Glow in the dark cats could help HIV study

The genes of a rhesus monkey and jellyfish were injected into eggs which were then fertilised and implanted into cats – who gave birth to glow in the dark kittens.

Image: Vadim Ghirda/AP/Press Association Images

SCIENTISTS HAVE CREATED cats that glow in the dark and may help in the study of HIV/Aids.

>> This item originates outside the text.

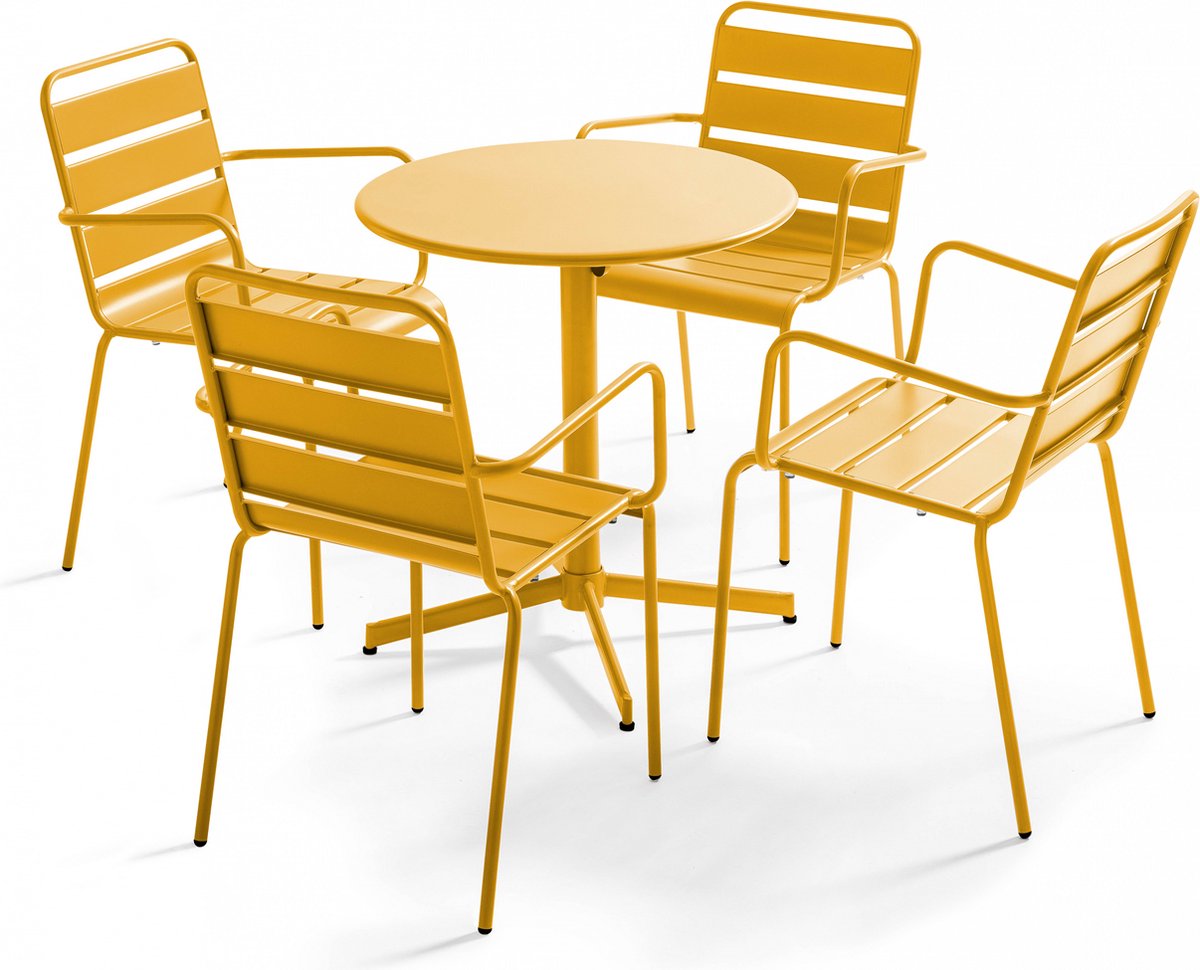 Oviala - Tuinset met tafel en 4 gele fauteuils - Palavas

The green kittens were genetically engineered with a specific gene that makes them glow green, and it is hoped this gene will combat feline immunodeficiency virus (FIV).

The study by a team from the Mayo Clinic College of Medicine in Rochester, Minnesota, USA and Yamaguchi University in Japan was featured in a report in Nature Methods.

The Mayo Clinic reports that FIV causes AIDS in cats the same way the human immunodeficiency virus (HIV) does in people, by depleting the body’s infection-fighting T-cells.

The Mayo team wanted to mimic the way evolution normally helps create protective proteins – so they decided to  insert effective monkey versions of them into the cat genome.

To do this, they inserted genes for a rhesus monkey version of an antiviral protein known to block cell infection by FIV as well as a jellyfish gene that glows fluorescent green, into eggs.

These were then fertilised and the embryos implanted into surrogate mothers, and three kittens carrying the genes were born.

Eric Poeschla, MD, Mayo molecular biologist and leader of the international study, said: “It can help cats as much as people.”

Says the Mayo Clinic:

This genome modification approach will not be used directly for treating people with HIV or cats with FIV, but it will help medical and veterinary researchers understand how restriction factors can be used to advance gene therapy for AIDS caused by either virus.